Ni siquiera cuando un M. Rajoy -sabrán identificarlo, supongo-, arropado por toda la cúpula de su partido clamó que el “Caso Gürtel” no era una trama del PP, “sino una trama contra el PP”. Y sin preguntas, claro. O cuando se conoció la existencia de la “Policía Patriótica” organizada por un ministro del PP, que hace alarde cada día de su catolicismo, versión ultra conservadora, para perseguir a adversarios políticos del PP y, no sé si más grave aún, destruir las pruebas de la corrupción.
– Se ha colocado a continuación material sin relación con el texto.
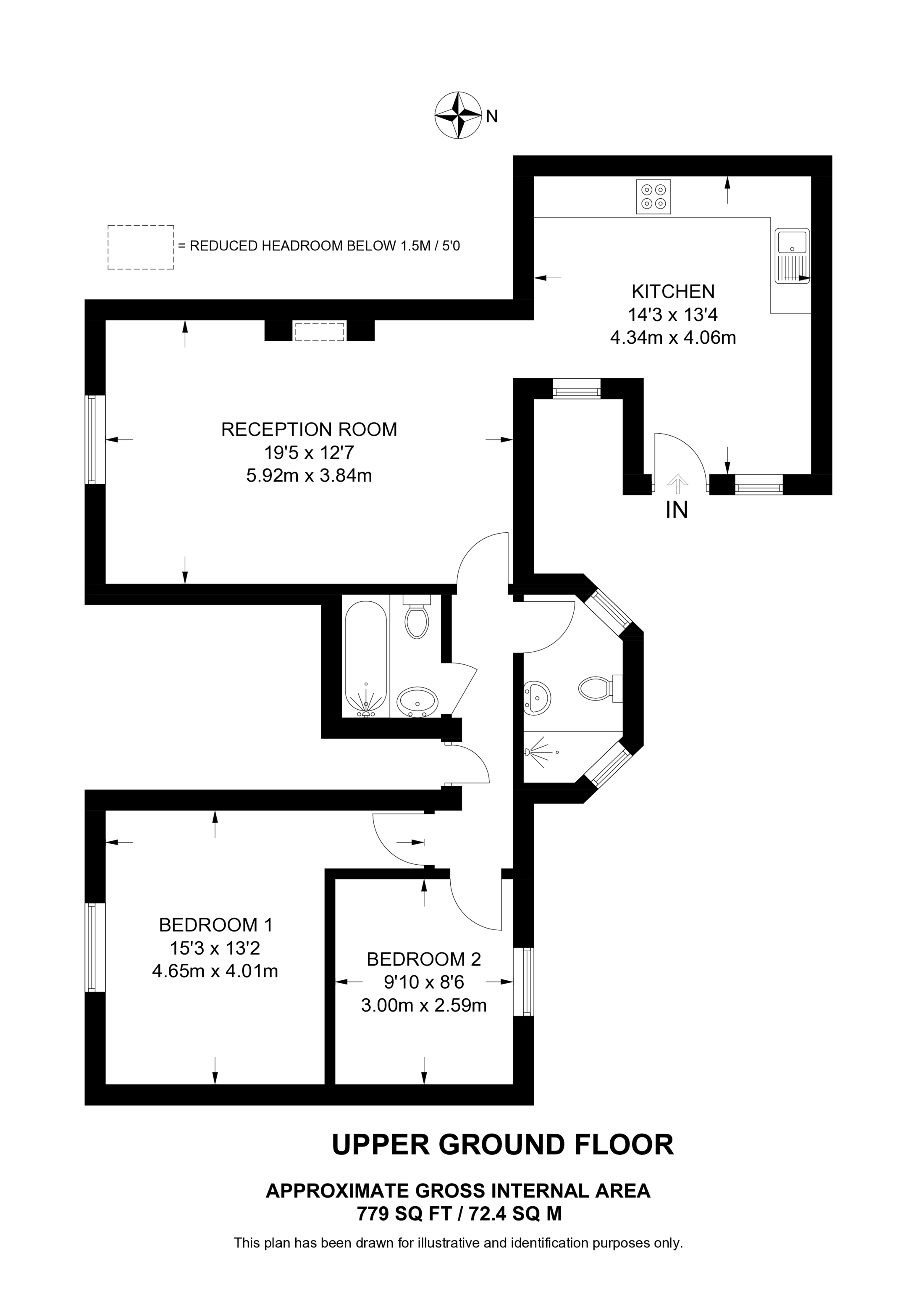 Blackheath Hill, Blackheath floorplan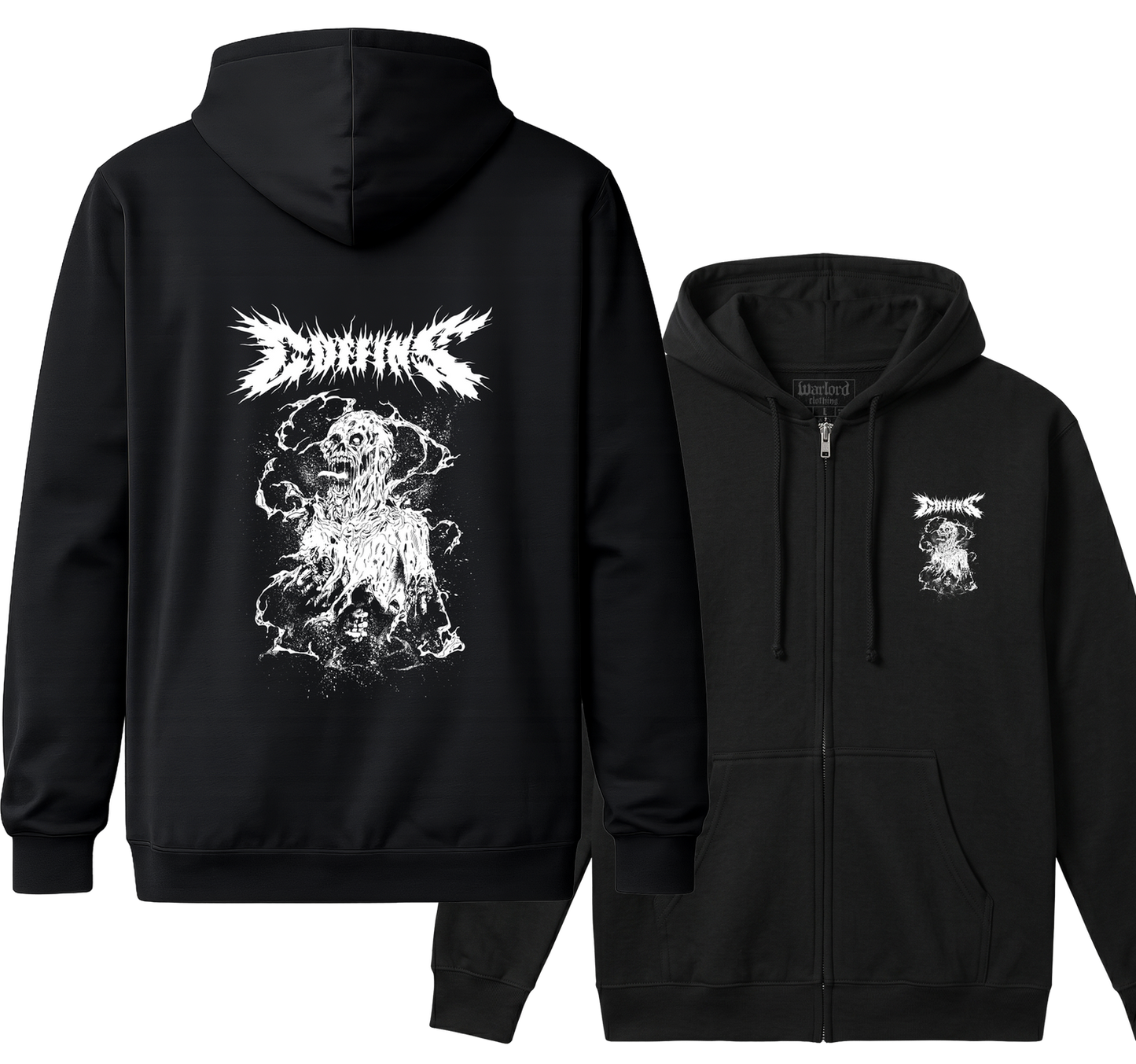 Coffins - Zipper Hoodie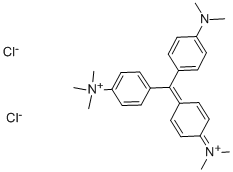 METHYL GREEN Struktur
Ni siquiera entonces ni en cualquiera de los capítulos posteriores de la corrupción del PP, ningún obispo reclamó elecciones.
Permítanme Sus Eminencias Reverendísimas expresar una humilde exigencia: un poco de respeto a la inteligencia de los demás hijos de Dios, que somos todos. Y lecciones de democracia por la jerarquía eclesiástica española, NO, GRACIAS.
A buen seguro que el fascismo nuevo, en realidad el mismo de siempre, no clamará ¡Argüello al Paredón!, como amenazaban sus antecesores a Monseñor Vicente Tarancón, que también presidió la Conferencia Espiscopal, por su compromiso con la democracia y la apertura de la Iglesia.